Put it all together, and you’ve got a player that many scouts are projecting as the possible No. 1 pick in the 2013 Draft.
“Now that he has the chance to be the No. 1 pick, it makes him work ever harder,” Etherington says. “It’s something that he is looking forward to.”
Zeller wants to be a complete player. He says he is working on his perimeter game and improving his rebounding, passing and post moves.
For Zeller, seeing his name at the top of a mock draft isn’t enough.
“It doesn’t mean anything right now,” he says. “If it’s still that way this time next year, maybe it will be different.”
Zeller might not know where he will be in a year, but he’ll always have a home in Washington. But despite being what the Kardashians are to Los Angeles, no one really bothers the Zellers in their hometown.
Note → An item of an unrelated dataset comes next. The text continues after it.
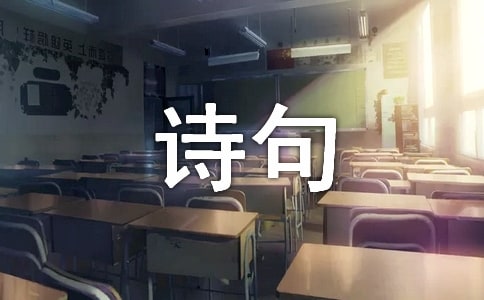 感谢别人的诗句的.经典语录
“They don’t feel smothered in Washington,” Lancaster says. “A lot of people can’t wait to get out. I have a feeling that in a lot of ways they can’t wait to get back.”
He and his two brothers try to return to town as often as they can, but as Lorri says, “The five of us are together twice a year if we’re lucky.”
The last time they all got together was Christmas, 2011. With the late start to the NBA season, Luke was there. Tyler and Cody were on winter break from school. Steve and Lorri had off, too.
“We’re definitely a close family,” Cody says. “We make the most of it when we’re around each other.”
Even with three NBA-quality centers at the dinner table, Christmas is no different than anyone else’s. There is food, and there is laughter. There are things to be thankful for, and there is family.
“We hardly ever talk about basketball,” Tyler says. “We’re just normal kids and a normal family.”
There are no NBA scouts, no college coaches and no Hoosiers fans running around with a No. 40 on their jersey.
It’s just the Zellers. Well, and maybe a kangaroo hiding beneath the dinner table.